# Characteristics and Geographic Variability of United States Assisted Living Communities by Chain Status

**Authors:** Cassandra Hua, Leya Kurzhiparambil, Lindsey Smith, Gauri Gadkari, John Bowblis, Momotazur Rahman, Kali Thomas

PMC · DOI: 10.1093/geroni/igaf122.1406 · 2025-12-31

## TL;DR

This study compares chain-affiliated and non-chain assisted living communities in the U.S., finding differences in resident characteristics and geographic distribution.

## Contribution

The study provides new insights into how chain status in assisted living communities correlates with resident demographics and state-level policies.

## Key findings

- Chain-affiliated ALs serve residents more likely to have dementia compared to non-chain ALs.
- Non-chain ALs have more residents dually eligible for Medicare and Medicaid.
- Some states, like Utah, are dominated by chain-operated ALs.

## Abstract

Previous studies indicate chains operate nursing homes with wealthier, higher-acuity residents, though state policies like Medicaid generosity create variation. We analyzed the distribution and characteristics of chain-affiliated versus non-chain ALs. We connected AL chain status (2021 data from National Investment Center, Argentum, and Dun & Bradstreet) to community characteristics (American Community Survey) and AL resident characteristics (Medicare enrollment and claims). In state-level analysis, we compared the number of chain vs. nonchain ALs per 100,000 adults aged 65+ using a scatterplot and Pearson’s r. In AL-level analysis, we compared characteristics by chain status using t-tests and chi-squared tests.
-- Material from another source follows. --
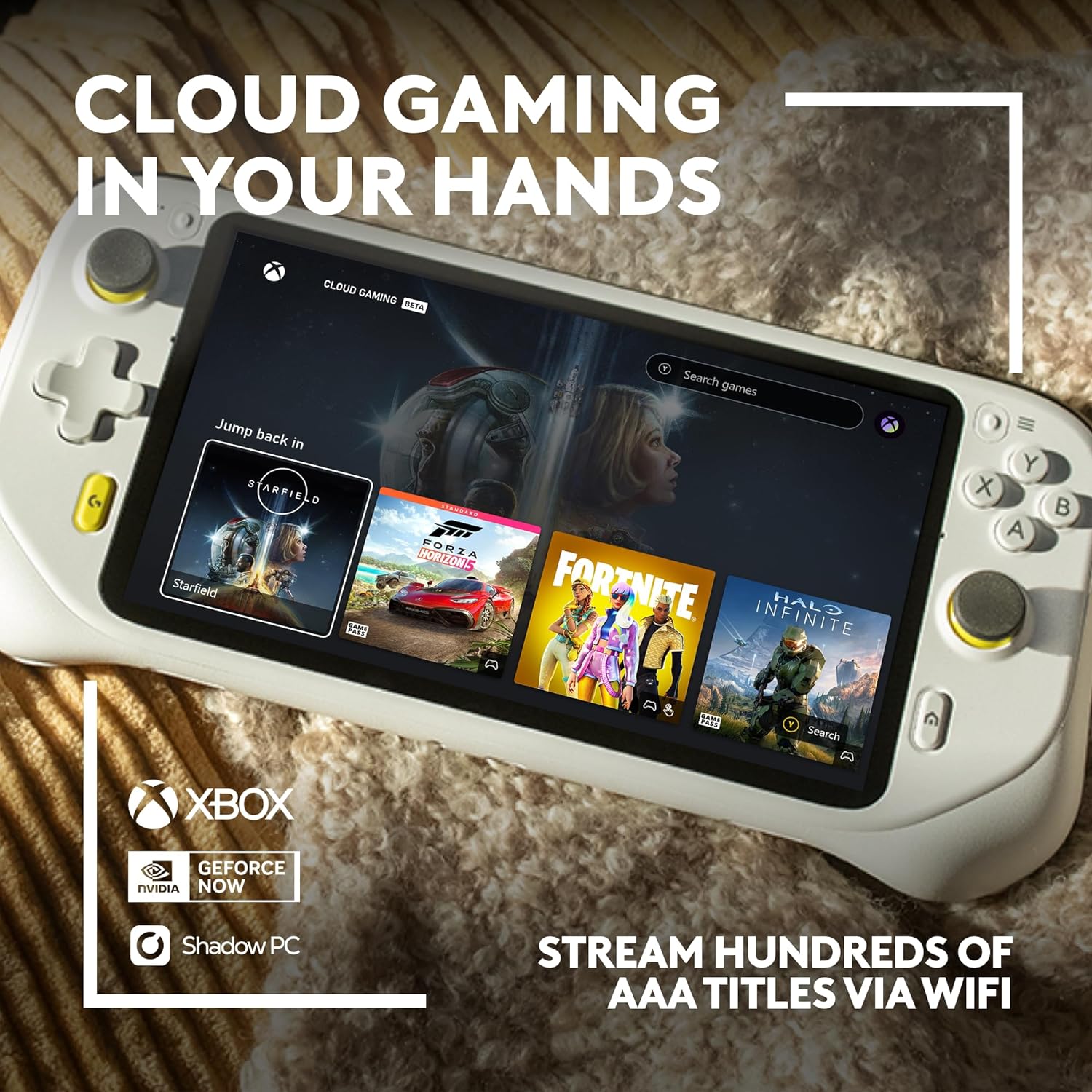Logitech G Cloud Gaming Handheld, Portable Gaming Console with Long Battery Life, 1080P 7-Inch Touchscreen, Lightweight Design, Xbox Cloud Gaming, NVIDIA GeForce NOW, Google Play - UK plug - White image 2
Our sample included ALs with a capacity of 25+ beds with at least 10 fee-for-service Medicare beneficiaries, including 6,409 ALs across the 48 contiguous U.S. states. We found a modest correlation between the number of chain and nonchain AL beds per 100,000 older adults in each state (r = 0.29, p = 0.047). Some states, including Utah, Indiana, and Idaho, were “chain dominant.” Utah, for example, had 1,480 chain operated AL beds per 100,000 older adults compared to just 16 nonchain beds. Residents in chain-owned ALs were more likely to have dementia than those in nonchain ALs (36% vs. 30%, p < 0.001). Significantly more residents in nonchain ALs were dually eligible for Medicare and Medicaid (40% vs. 21%, p < 0.001). County characteristics (e.g., median income) did not differ significantly by chain status. Findings suggest that, similar to nursing homes, chains may serve residents with greater care needs and less financial disadvantage.